It was decided to inaugurate the new club within the auspices of Q.B.A.N.A. and so it was done, ‘Friends of the Quaich’ was born in 2004. By 2005 the club had reached its maximum membership, being set at 16 persons, this number was arrived at as each member hosts the monthly tasting in their respective homes and so available space was a consideration. It was then decided to spin off a new sister club ‘The Gentle Glens’, the two clubs meet annually at our summer BBQ and of course we do communicate our tastings.  In the 10 years and 300 different whiskies from all over the world, members hunt for unique brands whenever on vacation or in different Provinces of Canada or the USA. 

The club send Angels their tasting notes monthly, here is the latest set of tasting notes.


Friends of the Quaich. Tasting August 18th 2014. Our hosts: Michael and Janice Baird. Special guest honorary member Allan Baird (Mike’s brother) visiting from Ayr, Scotland.

First up. Oban distillery edition 2011 55.2% ABV. Purchased directly from the Oban distillery while on tour with McLean’s Tours Scotland, May 2011. Nose: Orange zest, Tangerine Palate: Seville Marmalade. Very smooth, no alcohol bite. Finish: More orange, hint of ginger, MacIntosh’s toffee right at the end.

Next up: Auchentoshan Coopers reserve, 46% ABV. Bourbon hogsheads, non chill-filtered. Auchentoshan is triple distilled, Nose: Oak, sherry and bourbon. Palate: Big oak, hazelnuts and almonds with the sugar crust of Creme Brûlée. Finish: Almonds, and oak, gooseberries and green tea. Next up: KaVaLan Taiwan , cask strength, 56.9% ABV. From I-LAN in Taiwan. Aged in white oak and air seasoned. After aging in the oak it is then placed in fine European fine wine casks. The casks are charred to bring out the fine characteristics of the oak. Nose: Ripe melon, mango, burst of vanilla and toffee,  Palate: Coconut, toffee, burnt caramel, melon. A little water opens the complexity. Finish: Explosion of fruit with long lasting toffee. Lastly: Shieldaig 18 year old 40% ABV, Speyside. Named after the Scottish village in the western highlands, it’s slowly matured for 18 years and bottled by William Maxwell & Co. Nose: Toffee, toffee, slight almonds. Palate: Peaches, toffee. Finish: Sharp toffee with a burst of sweet fruits. 

The 16 strong club, with a couple of friendly Scots added, toured Ireland with Angels/MCLEANSCOTLAND last year … Our fantastic Irish whisky tour.  What an incredible adventure. Great hotels, great whiskey venues, great food and fabulous company, as well as terrific tour guides Paul and Liz and a big mention to our wonderful bus driver Mark, who showed us more of Belfast than even the locals have seen, a big thanks to Mark for making Belfast amazing. We stayed in castles, dined in castles and imbibed in castles, Clontarf was a great stay and allowed us easy access to all of Dublin, and the staff were great, as was the whiskey tasting. After three days in the capital city and a wonderful reception by The Lord Mayor we were off to points south and yes much more golden spirit. Tulamore D.E.W., a nice way to spend a Monday morning on tour, wonderful drams and a warm glow we were off to Cashel and then to Kilkenny.

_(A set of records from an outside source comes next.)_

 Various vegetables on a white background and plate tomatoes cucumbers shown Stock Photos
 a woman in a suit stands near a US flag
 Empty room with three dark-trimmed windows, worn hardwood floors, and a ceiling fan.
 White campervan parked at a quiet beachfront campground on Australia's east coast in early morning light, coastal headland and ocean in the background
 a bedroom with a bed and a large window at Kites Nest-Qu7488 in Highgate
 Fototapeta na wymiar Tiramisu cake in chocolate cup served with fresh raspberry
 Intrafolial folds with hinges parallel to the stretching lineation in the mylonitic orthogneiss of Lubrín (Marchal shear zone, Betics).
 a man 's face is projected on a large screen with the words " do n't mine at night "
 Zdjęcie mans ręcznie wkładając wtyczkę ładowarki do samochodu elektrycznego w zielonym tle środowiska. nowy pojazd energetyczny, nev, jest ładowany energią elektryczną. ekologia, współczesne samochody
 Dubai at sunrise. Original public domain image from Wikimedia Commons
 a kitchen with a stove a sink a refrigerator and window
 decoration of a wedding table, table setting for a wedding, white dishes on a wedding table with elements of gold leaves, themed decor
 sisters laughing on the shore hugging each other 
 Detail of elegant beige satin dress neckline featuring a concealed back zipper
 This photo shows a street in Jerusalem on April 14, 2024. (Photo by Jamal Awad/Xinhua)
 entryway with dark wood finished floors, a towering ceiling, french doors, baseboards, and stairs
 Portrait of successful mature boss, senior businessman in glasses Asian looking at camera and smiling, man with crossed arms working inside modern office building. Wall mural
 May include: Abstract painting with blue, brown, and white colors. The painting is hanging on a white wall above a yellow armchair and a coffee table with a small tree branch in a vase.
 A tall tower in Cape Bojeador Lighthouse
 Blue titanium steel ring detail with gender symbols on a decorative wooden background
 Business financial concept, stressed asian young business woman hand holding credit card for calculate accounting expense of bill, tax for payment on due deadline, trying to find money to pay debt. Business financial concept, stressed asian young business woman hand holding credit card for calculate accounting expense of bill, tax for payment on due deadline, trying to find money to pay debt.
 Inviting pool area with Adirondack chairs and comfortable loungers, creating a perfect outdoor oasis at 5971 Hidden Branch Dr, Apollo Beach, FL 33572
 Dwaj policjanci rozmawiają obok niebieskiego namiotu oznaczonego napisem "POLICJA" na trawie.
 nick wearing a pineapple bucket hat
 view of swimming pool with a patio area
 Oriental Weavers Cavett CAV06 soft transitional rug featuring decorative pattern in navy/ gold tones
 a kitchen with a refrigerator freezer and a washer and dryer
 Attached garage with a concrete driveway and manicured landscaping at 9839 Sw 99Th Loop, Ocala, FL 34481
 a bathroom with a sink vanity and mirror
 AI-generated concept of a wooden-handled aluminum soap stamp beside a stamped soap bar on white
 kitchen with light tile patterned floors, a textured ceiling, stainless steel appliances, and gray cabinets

Tonight we spent a lovely evening as guests of Robbie, (a charming fellow), at Dylan’s Bar and a special discount for patrons of Mclean’s Tours, well done Paul. Today Tuesday we toured Kilkenny Castle, home of the Dukes of Ormonde, definitely worth the visit here. Waterford Crystal was next up, a few souvenirs in crystal later we were off to the Middleton Distillery and a marvellous deluxe tasting, we won’t mention how many whiskies, there must be a law against it, and oh do try the Middleton Barry Crockett, wow! We stay at the Middleton Park Hotel tonight and dinner is included (as were most dinners). The hotel has prepared the most succulent grilled salmon, we Canadians pride ourselves in the art of salmon cooking, but this was first class cuisine.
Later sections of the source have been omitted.